La ciudad de Vigo se señala como la más ruidosa de España. Causa principal, el tráfico. El estribillo es más genérico. En la ciudad contemporánea el aire libre urbano está tomado por la brutalidad tecnológica del motor de explosión, mitad y mitad, C02 y decibelios. Lo que sí concierne a Vigo es otro alegato singular y relacionado: ser capital de la automoción y centro neurálgico en la puesta a punto del coche eléctrico. Una fortaleza que debe tener consecuencias.

El combate al ruido se da en dos frentes: reforzar las protecciones acústicas y reducir las fuentes de emisión sonora. En la práctica, blindar ventanas, puertas, y tapar los oídos. Así, la cultura del pinganillo ocupa la calle en un deambular de oídos en falso silencio. No obstante, la mente del filósofo va mucho más allá y pone el dedo en la llaga: la contagiosa interiorización social del ruido, "el miedo de los niños al silencio me da miedo", advierte George Steiner.

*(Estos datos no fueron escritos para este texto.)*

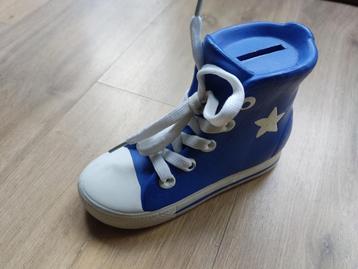 Spaarpot beschikbaar voor biedingen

Tiempo atrás (poco más de dos generaciones), existió el aire libre urbano. Ese sitio donde naciera el pensamiento. Las ideas alzaron la voz al aire libre; a viva voz discrepan político y cómico. En el anfiteatro clásico (una cima de la creación arquitectónica) la voz humana al vibrar en el punto focal, la escena, consigue por configuración geométrica cubrir la grada más lejana. Voz nítida y libre, precisión acústica que en Epidauro, un lugar civilizador, nunca perdió magnetismo.

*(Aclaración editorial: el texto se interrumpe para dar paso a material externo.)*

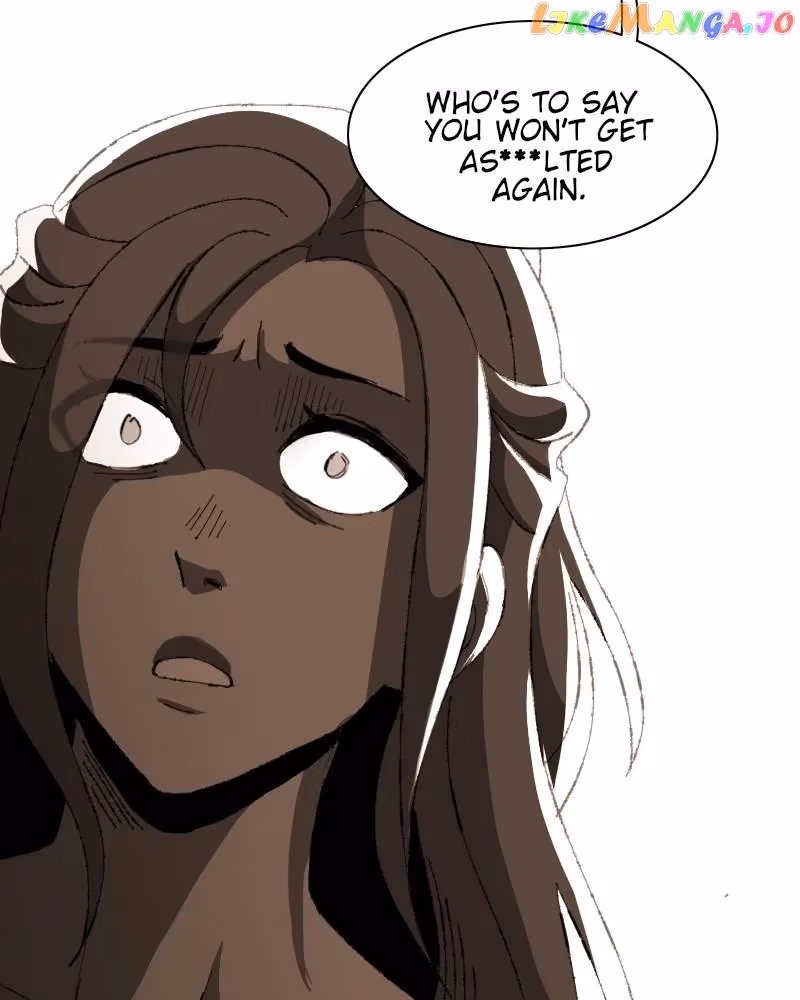 Silent Screams Chapter 11 page 45 -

Galicia tuvo otra predilección acústica, el campanario. Un cuerpo sonoro con robustez estructural en el arranque y juego ligero de rendijas arriba. Siglos de campanas bajo cúpula (caja de resonancia) o simple espadaña marcando el ámbito de lo común. El sonido de las labores sube desde el valle (el Fragoso resuena en el monte Alba) al igual que la palabra, en absoluto silencio, se modula en la orografía. A ratos, campo y ciudad se hablaban.

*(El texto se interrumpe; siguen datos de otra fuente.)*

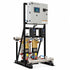 Franklin Electric VR SpecPAK skid with Cerus X-Drive variable frequency drives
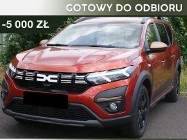 Dacia Jogger Extreme+ LPG 7os. 1.0 TCe Extreme+ LPG 7os. 1.0 TCe 100KM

Después, la metrópoli industrial trajo la sirena de la fábrica (al revés que la campana, un ingenio ingrávido) y a la ciudad portuaria la sirena de la Lonja. En el paisaje de Vigo aún parece resonar su convocatoria vigorosa y a la vez liviana. Voces, campanas y sirenas (artículos de lujo y leyenda) que se extinguieron al mismo tiempo que se extinguió el aire libre urbano. Un aire libre que bien cabría elevar a la categoría de monumento.

Luego prosperó otra lógica: el despotismo del coche ocupó la ciudad y emborronó el espacio público. Contaminación del aire y barniz desurbanizador, vacío de valores y congestión de impactos lesivos. Las ciudades tuvieron que enseñar las uñas reglamentando. Bruselas, paradigma de ciudad europea, recibió días pasados al "Air Force One" de Donald Trump y se especuló que el avión podría ser multado por exceder los niveles de ruido de la norma local. Rubrica las inquietudes.

La reconstrucción de la ciudad europea tras las guerras, no imaginó la magnitud del golpe que se le venía encima con la masificación del coche. El resultado fue insalubridad y unos costes de adaptación general y viaria desorbitados. Ahora, con el coche eléctrico en parrilla de salida, las ciudades van a ser de nuevo radicalmente afectadas por la propulsión eléctrica y unos modelos energético y de movilidad diferentes. No se debería repetir la historia de imprevisión.

Se acaba de iniciar la era urbana de las emisiones cero y los bajos decibelios. Es decir, imposible seguir como si este hecho no existiera. Hay que prever. Y en este contexto la ciudad de Vigo tiene otro as en la manga, más bien otro deber, aquel que emana de los muchos valores y responsabilidades medioambientales herencia de su emplazamiento territorial. El recuerdo de lo que era el aire libre está fresco en la memoria. En definitiva, lo que hay que recuperar, restituir.

Por ello, esta ciudad pionera del coche eléctrico, puede y debe erigirse también en pionera del derecho al aire libre urbano. Persuadir. Alma pionera elevada al cuadrado.